Why the idea? Well the investment bank that is marketing this bankruptcy sale has listed naming rights for the stadium among the varying value creation opportunities.
The thought has presented itself before, but was ignored because current owner Frank McCourt felt that the fans would simply ignore any changes.
How true is this fact? More true than most might speculate.
As many know Dodger Stadium lies on an area in Sulfir Canyon known as Chavez Ravine, a name stamped to the area after a 19th century Los Angeles Councilman named Julian Chavez. It was the home to many Mexican-Americans in the 1940s because of housing discrimination taking place in other parts of Los Angeles.
But with each passing year came the realization of Chavez Ravine being a prime spot for real estate.

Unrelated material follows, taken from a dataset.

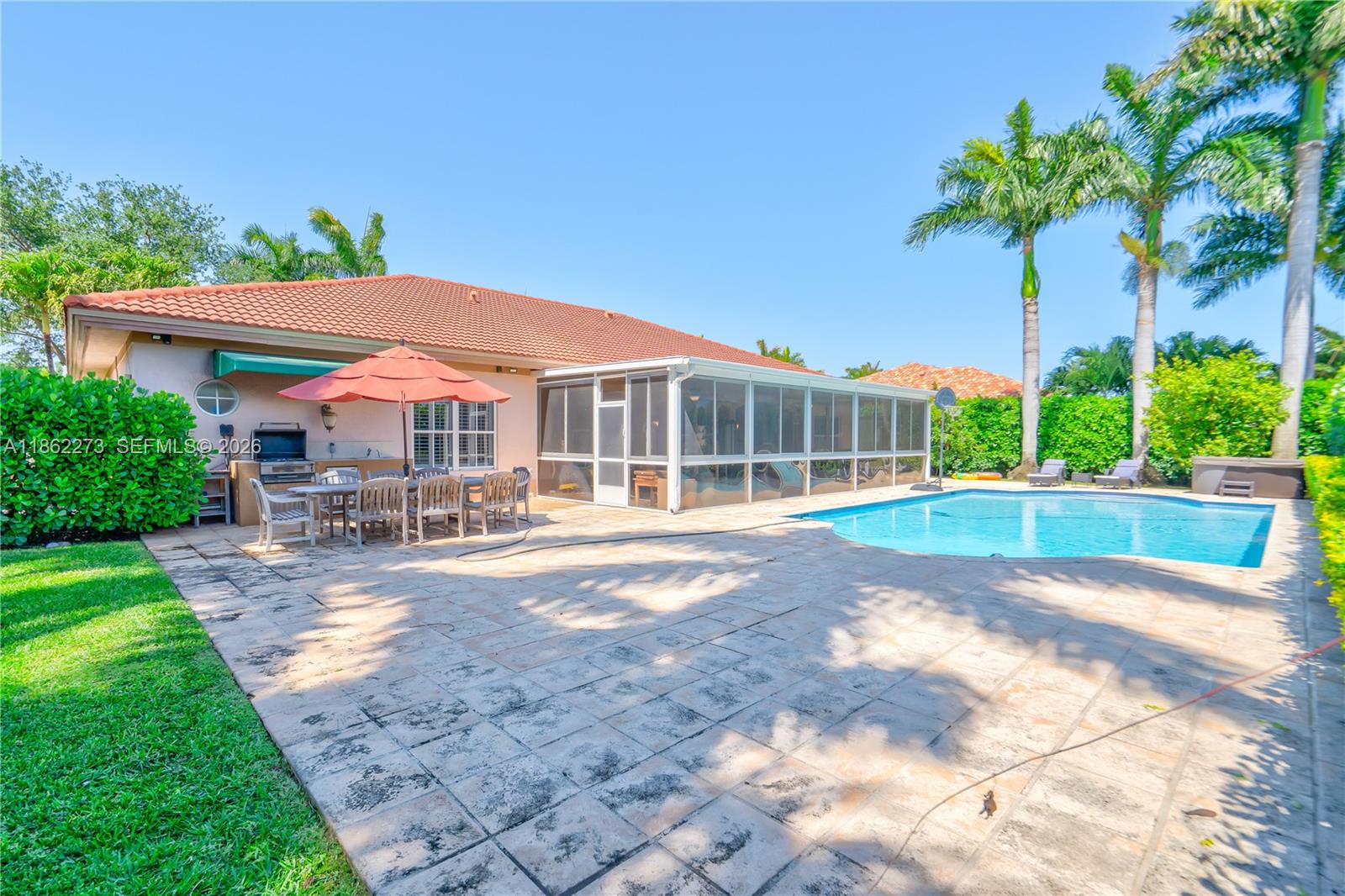 8366 Southwest 193rd Street Cutler Bay, FL 33157 - Photo 10 of 20 a view of a house with swimming pool and sitting area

That was when a plan was developed by Richard Neutra and Robert Alexander to construct a new city to be known as Elysian Park Heights. The project was set to include two dozen 13-story buildings and more than 160 two-story townhouses, plus renovated playgrounds and schools.
In 1953, all support was lost when the city elected Norris Poulson to be it’s next mayor. The housing projects were just memories. The properties were sold back to the City of Los Angeles from the Federal Housing Authority, who was to oversee the building of the community. The sole clause in the sale was that the land would be used strictly for public purpose.
The purpose would eventually become known as Dodgers baseball in Los Angeles beginning with the team’s migration from Brooklyn in 1958. On June 3rd of that year the team inherited 352 acres from the City of Los Angeles and rapidly begun construction on Dodger Stadium.
For fifty years this has been the home of the Dodgers. But for three seasons, the Anaheim Angels called Dodger Stadium home, referring to the park as “Chavez Ravine Stadium” in observance of the land and refusing to acknowledge the tenants of the stadium.
It was at Dodger Stadium that Sandy Koufax threw his Perfect Game, where Kirk Gibson did the impossible (as Vin Scully perfectly described it) and hit a walk-off home run against Dennis Eckersley and the Oakland A’s in the 1988 World Series, where Fernando Valenzuela would create the first “mania” known as “Fernandomania” (subsequent trends would include Nomomania and most recently Linsanity), where Eric Gagne mowed down teams en route to 84 consecutive saves, where Steve Finley sunk the Giants with a walk-off home run to clinch a playoff spot, where Russell Martin, Jeff Kent, J.D. Drew and Marlon Anderson connected on four consecutive home runs, and many more spectacular moments that simply do not do the stadium justice.